Monday, October 29, 2012

Pen-Hadid-Sistine (29 October - 4 November)

On this date in design…

Ballpoint Pen, first sold in US, 29 October 1945; patented by John Loud, 30 October 1888 
Zaha Hadid, Iraqi-born British architect, birthday 31 October 1950
Sistine Chapel, Vatican City, Michelangelo’s paintings inaugurated, 1 November 1512

When the Reynolds Rocket ballpoint pen went on sale for the first time at Gimbals Department Store in NYC, it was a copy of an invention seen in Buenos Aires.  But even the Argentinian piece wasn’t the first in existence.  The ability to write without a separate ink well wasn’t even the initial catalyst.  In 1888, a leather tanner named John Loud simply wanted the ability to write on his leather products and the traditional fountain pen would not work.  It was nearly 60 years later that a viable ballpoint pen would come to market. 
Several factors contributed to the delay including a few useful innovations to the fountain pen and quick-drying ink.  Today, the leader in the cheap writing implement is without a doubt BIC pens.  But before you cast off the device as insignificant (especially in light of the computer age), consider the work of a Portuguese lawyer Samuel Silva.  Silva creates amazing photorealistic drawings using none other than eight colors BIC provides. 

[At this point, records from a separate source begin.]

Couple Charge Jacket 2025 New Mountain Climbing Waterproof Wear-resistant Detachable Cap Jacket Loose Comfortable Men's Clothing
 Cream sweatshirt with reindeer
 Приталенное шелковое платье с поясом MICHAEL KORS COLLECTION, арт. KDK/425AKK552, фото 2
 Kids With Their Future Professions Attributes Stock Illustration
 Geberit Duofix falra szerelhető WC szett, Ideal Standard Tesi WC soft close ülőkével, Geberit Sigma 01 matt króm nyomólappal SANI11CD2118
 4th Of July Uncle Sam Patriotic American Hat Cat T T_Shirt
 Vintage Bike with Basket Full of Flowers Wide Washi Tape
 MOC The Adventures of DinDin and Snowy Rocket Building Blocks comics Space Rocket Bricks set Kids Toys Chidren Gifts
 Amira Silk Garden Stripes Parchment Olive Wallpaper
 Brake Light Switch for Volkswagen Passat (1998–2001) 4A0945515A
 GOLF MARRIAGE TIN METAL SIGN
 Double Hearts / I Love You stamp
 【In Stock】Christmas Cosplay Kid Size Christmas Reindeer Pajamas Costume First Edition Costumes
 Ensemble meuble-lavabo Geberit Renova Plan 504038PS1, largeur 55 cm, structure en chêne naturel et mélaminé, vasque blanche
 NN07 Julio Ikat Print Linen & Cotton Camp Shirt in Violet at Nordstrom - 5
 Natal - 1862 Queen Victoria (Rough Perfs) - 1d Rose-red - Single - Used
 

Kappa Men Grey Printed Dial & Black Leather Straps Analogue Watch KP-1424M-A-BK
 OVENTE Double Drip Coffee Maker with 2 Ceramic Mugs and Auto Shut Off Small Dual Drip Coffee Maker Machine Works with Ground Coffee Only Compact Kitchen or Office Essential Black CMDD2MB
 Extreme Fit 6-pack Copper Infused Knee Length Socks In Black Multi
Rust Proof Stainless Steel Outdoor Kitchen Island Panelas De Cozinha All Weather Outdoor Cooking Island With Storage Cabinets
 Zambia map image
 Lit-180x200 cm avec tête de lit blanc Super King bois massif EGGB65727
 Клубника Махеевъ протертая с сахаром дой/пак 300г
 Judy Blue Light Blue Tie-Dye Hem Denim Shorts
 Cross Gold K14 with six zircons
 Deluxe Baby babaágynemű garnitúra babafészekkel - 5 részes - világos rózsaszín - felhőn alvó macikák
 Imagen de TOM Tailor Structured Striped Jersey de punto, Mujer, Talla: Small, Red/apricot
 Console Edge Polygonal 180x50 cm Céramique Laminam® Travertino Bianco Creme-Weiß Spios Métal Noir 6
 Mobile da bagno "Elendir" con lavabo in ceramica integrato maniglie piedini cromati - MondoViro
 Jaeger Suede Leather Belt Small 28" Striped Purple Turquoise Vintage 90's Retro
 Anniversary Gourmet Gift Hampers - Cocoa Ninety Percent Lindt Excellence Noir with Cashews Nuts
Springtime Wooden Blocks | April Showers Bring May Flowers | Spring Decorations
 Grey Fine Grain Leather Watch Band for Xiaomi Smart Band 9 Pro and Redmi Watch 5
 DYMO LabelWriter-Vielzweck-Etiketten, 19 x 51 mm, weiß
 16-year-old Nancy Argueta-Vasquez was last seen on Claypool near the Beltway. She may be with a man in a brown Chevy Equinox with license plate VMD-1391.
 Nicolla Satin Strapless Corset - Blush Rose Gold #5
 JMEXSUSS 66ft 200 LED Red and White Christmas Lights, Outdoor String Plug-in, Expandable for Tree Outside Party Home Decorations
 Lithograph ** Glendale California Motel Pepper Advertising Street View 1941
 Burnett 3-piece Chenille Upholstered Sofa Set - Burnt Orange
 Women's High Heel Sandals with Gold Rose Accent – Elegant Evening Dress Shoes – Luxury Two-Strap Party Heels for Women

Zaha Hadid can only be described as a momentous force in the architecture community today.  In addition to be a strikingly glamorous figure, she one any aspiring female architect dreams to emulate.  In a profession dominated by over-bearing male egos, Hadid offers it back in kind maintaining a significant hold on modern design.  Not only is she the first female to be awarded the Pritzker Prize (2004), she is also the first Muslim, being born in Bagdad to professional intellectual parents.  Hadid’s neo-modernist style seeks to communicate the chaotic fluidity of modern society which makes it surprisingly human and tactile.   
Originally lumped into the Deconstructivist movement, Hadid’s designs are rooted in the Islamic tradition where architecture is open to nature.  Her tenacity and uncompromising attitude is essential to finding success as an architect but also proved difficult to find willing clients early in her career.  Most notably is the commission Hadid won for the Cardiff Bay Opera House in 1994.  Unfortunately, due to vocal pushback from the local population, the project was never completed.  However, England’s loss is China’s gain.  Early in 2011, Hadid’s firm completed an opera house in Guangzhou that was based on the Cardiff design but applied to the new site.   
The building evokes fragmented geometries of tumbling pebbles and her signature multiple perspective points.  No wonder her early renderings were abstract paintings rather than conventional drafted drawings. 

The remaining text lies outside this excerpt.